What you need to do: Write out the listing, please, but only from its first line through the line containing "Bright eat-in kitchen", exactly as given and without pictures.

#### Information given

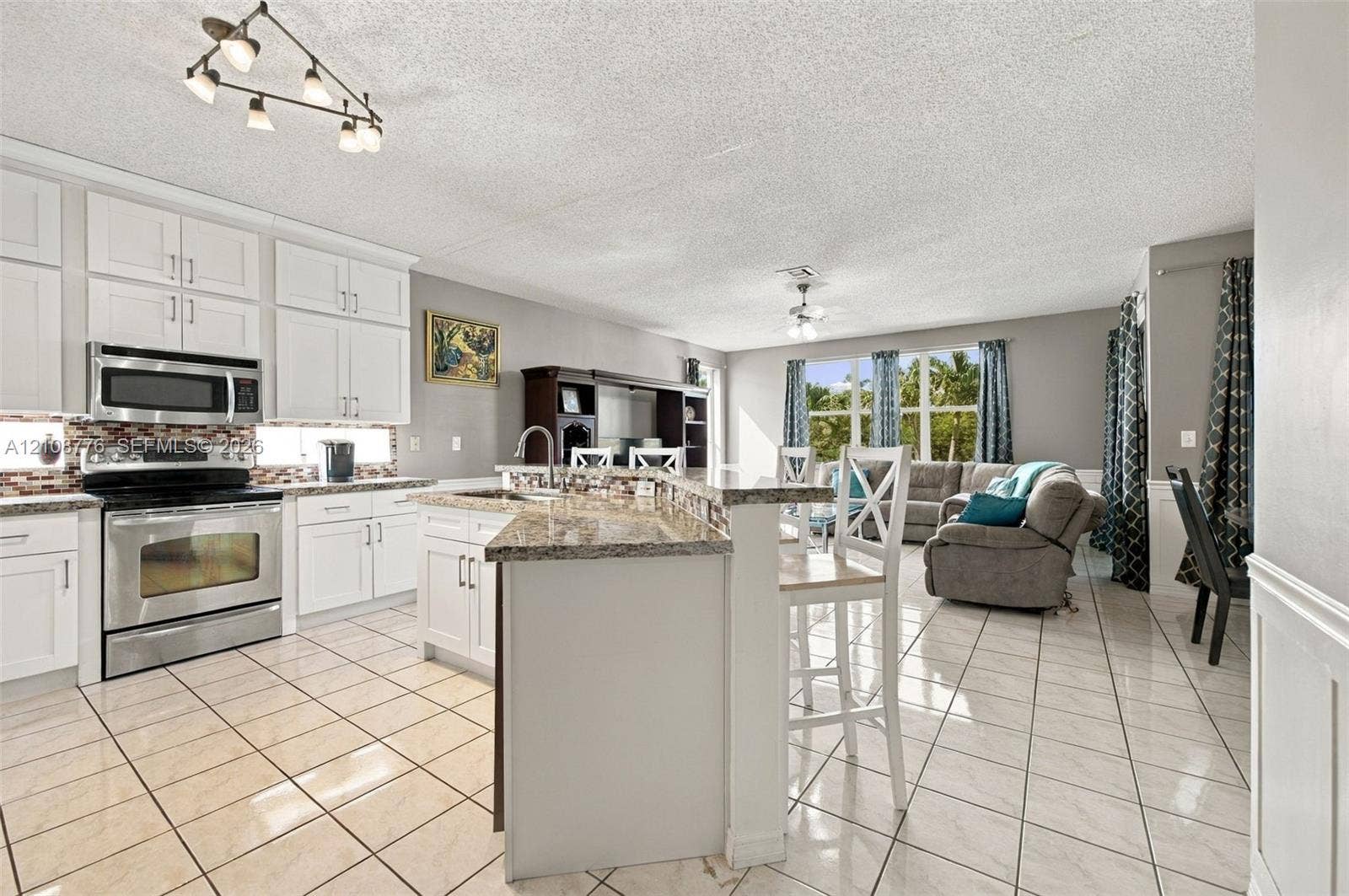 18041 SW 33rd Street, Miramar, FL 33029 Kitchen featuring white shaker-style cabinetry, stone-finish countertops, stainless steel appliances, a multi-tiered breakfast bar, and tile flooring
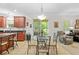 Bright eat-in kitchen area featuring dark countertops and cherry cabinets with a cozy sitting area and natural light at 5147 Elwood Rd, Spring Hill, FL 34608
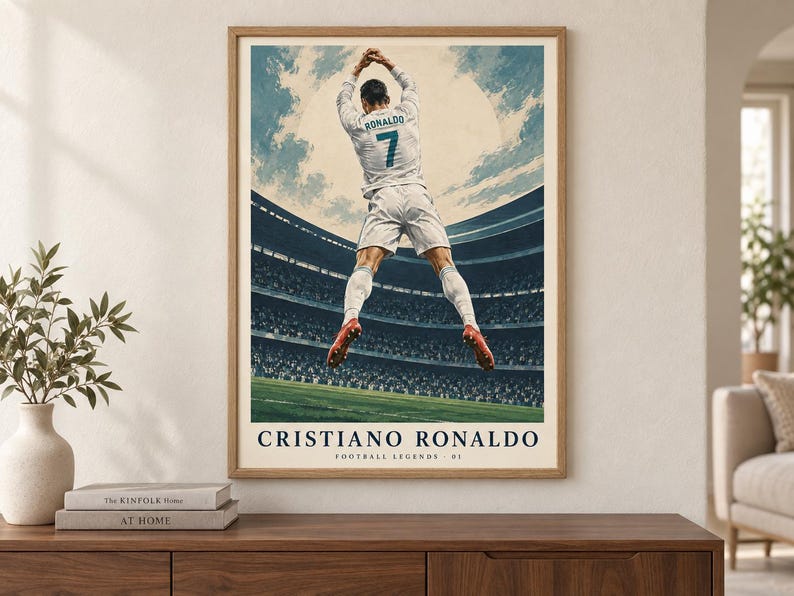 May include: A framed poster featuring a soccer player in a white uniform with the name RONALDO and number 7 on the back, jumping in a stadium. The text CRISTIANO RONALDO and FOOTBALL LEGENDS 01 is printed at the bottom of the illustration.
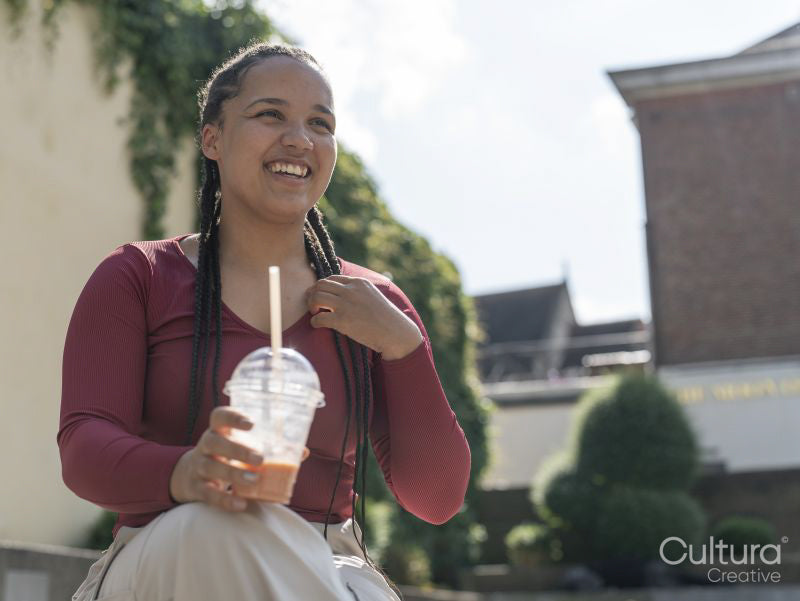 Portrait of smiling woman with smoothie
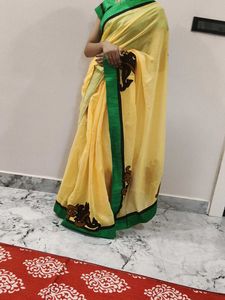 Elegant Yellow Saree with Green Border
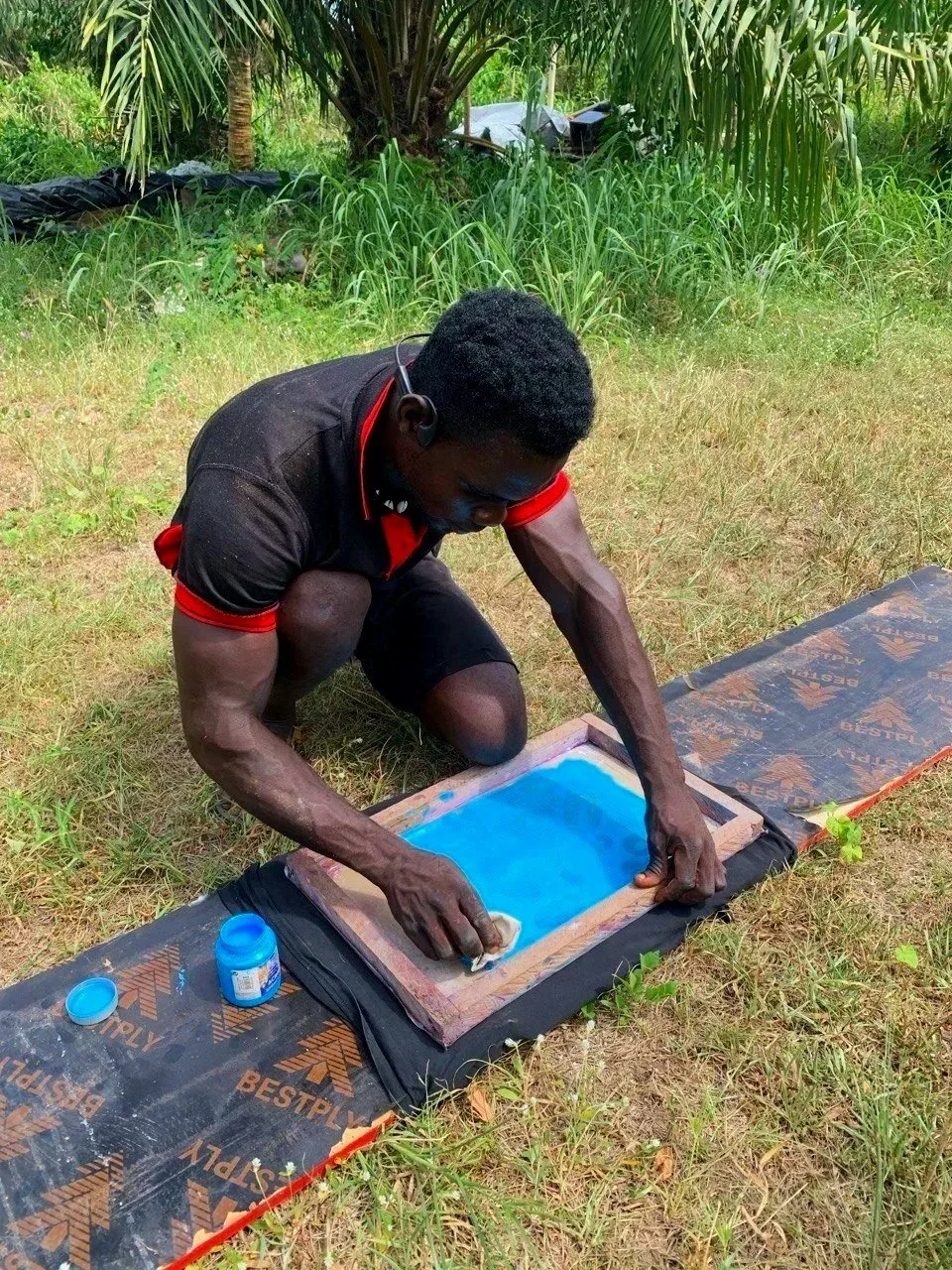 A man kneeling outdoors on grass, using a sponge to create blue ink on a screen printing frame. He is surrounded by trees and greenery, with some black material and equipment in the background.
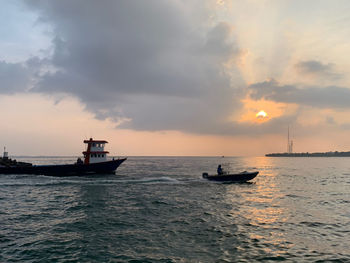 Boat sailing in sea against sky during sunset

########

Response to this exercise:
 18041 SW 33rd Street, Miramar, FL 33029 Kitchen featuring white shaker-style cabinetry, stone-finish countertops, stainless steel appliances, a multi-tiered breakfast bar, and tile flooring
 Bright eat-in kitchen area featuring dark countertops and cherry cabinets with a cozy sitting area and natural light at 5147 Elwood Rd, Spring Hill, FL 34608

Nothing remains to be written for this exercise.